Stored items
::::

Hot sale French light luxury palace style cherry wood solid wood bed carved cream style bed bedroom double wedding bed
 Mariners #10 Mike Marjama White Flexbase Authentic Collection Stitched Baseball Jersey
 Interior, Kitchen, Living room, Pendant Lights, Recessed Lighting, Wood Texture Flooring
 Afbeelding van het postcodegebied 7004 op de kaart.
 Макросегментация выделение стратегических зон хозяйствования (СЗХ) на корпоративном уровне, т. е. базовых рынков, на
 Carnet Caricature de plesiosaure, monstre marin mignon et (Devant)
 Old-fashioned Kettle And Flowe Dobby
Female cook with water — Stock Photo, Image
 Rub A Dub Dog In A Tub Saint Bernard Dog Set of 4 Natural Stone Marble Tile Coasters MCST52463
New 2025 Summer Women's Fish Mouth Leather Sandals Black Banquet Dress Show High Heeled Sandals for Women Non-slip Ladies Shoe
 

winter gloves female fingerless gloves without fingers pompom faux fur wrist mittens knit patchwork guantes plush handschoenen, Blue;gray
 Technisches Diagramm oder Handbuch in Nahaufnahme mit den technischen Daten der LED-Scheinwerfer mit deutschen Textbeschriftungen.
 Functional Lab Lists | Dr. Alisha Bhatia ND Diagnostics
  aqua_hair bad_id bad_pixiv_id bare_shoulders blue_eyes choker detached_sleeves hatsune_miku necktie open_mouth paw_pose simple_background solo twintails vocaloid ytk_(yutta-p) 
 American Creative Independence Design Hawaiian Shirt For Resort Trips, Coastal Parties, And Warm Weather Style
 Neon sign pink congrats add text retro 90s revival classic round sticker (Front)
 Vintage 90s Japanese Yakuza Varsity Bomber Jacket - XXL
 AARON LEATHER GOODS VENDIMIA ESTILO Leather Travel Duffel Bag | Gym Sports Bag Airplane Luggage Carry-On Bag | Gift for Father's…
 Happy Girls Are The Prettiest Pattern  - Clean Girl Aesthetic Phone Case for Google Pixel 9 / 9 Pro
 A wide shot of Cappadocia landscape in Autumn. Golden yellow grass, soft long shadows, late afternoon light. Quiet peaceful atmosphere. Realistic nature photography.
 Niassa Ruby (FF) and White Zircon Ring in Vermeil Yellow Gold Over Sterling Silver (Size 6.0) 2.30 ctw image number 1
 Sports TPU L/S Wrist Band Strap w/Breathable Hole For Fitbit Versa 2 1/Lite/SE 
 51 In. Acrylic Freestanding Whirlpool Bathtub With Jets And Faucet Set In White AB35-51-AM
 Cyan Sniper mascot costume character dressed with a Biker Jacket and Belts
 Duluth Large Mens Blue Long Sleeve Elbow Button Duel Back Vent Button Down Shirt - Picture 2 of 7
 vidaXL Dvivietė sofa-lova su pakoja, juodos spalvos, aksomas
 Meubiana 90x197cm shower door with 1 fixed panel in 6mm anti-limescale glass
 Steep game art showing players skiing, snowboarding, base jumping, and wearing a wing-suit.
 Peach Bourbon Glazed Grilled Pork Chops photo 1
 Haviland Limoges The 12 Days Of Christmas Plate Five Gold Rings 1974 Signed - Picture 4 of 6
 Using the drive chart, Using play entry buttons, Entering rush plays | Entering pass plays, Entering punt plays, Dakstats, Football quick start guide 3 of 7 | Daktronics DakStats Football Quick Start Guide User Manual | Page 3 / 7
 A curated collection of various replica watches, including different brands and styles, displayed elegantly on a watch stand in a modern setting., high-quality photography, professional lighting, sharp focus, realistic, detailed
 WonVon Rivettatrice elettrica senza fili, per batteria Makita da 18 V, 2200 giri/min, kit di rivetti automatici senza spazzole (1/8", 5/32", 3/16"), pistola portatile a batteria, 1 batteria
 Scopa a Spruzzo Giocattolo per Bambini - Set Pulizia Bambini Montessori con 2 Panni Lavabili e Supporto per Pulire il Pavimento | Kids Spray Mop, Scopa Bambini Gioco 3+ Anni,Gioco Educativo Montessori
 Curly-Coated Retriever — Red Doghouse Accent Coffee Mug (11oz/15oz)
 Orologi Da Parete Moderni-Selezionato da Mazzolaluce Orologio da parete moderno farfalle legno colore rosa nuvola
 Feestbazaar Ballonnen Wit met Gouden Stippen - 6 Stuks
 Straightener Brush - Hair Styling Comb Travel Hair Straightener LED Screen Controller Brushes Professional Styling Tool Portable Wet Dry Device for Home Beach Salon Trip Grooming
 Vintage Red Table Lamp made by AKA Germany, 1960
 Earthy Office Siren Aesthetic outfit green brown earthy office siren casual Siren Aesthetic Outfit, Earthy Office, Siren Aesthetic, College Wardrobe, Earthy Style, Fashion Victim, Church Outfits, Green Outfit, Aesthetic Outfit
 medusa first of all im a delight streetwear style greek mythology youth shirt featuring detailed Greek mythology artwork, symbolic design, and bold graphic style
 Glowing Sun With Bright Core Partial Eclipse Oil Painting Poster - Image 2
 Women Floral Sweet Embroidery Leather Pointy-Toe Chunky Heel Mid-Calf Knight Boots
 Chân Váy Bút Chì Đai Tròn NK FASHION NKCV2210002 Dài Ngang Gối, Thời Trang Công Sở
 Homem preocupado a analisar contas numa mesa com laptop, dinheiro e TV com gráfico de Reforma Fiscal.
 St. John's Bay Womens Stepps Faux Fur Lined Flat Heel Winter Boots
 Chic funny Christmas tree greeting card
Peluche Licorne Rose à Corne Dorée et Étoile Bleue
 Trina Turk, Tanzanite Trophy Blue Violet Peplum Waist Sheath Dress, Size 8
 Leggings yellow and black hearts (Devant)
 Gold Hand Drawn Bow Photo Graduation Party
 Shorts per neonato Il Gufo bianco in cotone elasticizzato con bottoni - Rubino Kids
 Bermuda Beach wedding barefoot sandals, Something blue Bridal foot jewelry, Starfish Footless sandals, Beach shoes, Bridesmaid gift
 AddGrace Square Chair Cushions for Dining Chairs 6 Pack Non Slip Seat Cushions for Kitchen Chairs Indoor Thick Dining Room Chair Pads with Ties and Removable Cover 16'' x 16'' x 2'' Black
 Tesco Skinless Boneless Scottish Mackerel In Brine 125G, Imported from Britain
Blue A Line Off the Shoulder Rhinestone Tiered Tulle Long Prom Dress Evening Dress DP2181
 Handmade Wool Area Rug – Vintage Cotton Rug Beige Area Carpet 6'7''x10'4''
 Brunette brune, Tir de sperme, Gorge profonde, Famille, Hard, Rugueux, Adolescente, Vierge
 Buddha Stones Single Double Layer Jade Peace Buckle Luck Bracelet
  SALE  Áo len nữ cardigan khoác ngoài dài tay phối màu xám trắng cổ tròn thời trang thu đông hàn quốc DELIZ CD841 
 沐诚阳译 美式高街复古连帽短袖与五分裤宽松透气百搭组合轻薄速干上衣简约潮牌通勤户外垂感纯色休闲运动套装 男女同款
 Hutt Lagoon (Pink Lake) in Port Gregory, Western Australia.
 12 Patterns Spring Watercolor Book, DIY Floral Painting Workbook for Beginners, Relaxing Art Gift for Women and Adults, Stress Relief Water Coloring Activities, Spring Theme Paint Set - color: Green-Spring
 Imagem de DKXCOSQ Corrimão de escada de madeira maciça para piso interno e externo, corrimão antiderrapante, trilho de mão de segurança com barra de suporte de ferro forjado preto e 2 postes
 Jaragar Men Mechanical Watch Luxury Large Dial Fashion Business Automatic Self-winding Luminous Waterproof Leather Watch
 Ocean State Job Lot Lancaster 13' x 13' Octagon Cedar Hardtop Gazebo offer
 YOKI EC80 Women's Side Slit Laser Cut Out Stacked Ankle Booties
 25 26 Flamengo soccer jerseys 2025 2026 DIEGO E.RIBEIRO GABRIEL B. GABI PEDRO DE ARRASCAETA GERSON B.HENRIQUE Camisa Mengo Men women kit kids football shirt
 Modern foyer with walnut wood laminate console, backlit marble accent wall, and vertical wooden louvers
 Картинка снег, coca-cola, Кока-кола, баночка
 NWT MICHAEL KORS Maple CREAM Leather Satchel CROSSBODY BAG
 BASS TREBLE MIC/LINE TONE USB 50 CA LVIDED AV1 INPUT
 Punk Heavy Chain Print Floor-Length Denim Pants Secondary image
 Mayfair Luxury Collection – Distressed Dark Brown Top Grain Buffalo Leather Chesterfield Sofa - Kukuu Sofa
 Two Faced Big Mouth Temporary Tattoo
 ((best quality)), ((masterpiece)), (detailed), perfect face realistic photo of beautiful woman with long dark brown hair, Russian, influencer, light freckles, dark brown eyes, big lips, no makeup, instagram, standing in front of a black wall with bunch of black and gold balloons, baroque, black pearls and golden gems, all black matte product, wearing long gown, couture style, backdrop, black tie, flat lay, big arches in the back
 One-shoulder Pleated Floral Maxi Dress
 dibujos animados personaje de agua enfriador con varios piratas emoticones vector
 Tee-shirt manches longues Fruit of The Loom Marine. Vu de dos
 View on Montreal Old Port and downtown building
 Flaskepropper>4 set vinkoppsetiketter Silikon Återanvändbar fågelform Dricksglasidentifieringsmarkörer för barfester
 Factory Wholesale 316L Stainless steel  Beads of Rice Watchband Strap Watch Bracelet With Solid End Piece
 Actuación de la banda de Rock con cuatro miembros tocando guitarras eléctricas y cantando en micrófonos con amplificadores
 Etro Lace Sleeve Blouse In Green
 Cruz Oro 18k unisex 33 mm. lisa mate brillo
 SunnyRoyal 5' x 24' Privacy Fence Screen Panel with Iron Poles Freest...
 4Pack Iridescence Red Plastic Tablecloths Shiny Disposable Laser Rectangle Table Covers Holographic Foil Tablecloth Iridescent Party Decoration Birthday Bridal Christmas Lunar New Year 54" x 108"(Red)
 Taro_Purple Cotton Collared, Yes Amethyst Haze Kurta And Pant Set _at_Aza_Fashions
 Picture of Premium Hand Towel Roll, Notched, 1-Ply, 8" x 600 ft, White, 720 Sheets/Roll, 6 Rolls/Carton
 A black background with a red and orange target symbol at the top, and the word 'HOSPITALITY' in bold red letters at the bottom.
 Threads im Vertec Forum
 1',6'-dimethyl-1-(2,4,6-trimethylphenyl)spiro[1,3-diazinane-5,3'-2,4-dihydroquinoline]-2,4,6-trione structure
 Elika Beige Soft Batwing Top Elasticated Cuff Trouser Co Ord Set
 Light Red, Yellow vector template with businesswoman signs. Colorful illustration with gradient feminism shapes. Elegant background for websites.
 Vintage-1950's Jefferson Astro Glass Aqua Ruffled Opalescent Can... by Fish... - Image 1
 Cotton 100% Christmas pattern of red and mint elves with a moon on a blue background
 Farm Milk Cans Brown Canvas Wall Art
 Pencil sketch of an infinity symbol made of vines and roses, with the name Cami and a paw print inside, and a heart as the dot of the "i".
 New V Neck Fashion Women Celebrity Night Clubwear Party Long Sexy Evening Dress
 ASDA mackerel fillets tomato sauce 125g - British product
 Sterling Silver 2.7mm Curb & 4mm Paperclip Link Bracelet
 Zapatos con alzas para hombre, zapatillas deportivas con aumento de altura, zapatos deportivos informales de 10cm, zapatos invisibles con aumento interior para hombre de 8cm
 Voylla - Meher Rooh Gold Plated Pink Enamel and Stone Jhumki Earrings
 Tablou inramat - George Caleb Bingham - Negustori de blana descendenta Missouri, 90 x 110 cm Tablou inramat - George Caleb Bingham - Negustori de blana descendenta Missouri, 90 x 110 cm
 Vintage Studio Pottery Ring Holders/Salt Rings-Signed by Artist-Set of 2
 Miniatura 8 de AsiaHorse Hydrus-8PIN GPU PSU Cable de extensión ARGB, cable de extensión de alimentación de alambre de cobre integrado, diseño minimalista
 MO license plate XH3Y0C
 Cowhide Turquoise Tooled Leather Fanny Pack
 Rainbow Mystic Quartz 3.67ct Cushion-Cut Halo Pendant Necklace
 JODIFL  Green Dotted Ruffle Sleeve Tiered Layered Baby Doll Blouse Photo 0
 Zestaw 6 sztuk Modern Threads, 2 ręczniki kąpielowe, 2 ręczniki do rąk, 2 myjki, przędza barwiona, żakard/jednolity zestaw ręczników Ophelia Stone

::::

#### [ACTIVITY]
If a line of the records above holds the word "Aesthetic", show it.

#### [RESPONSE AREA]
 Happy Girls Are The Prettiest Pattern  - Clean Girl Aesthetic Phone Case for Google Pixel 9 / 9 Pro
 Earthy Office Siren Aesthetic outfit green brown earthy office siren casual Siren Aesthetic Outfit, Earthy Office, Siren Aesthetic, College Wardrobe, Earthy Style, Fashion Victim, Church Outfits, Green Outfit, Aesthetic Outfit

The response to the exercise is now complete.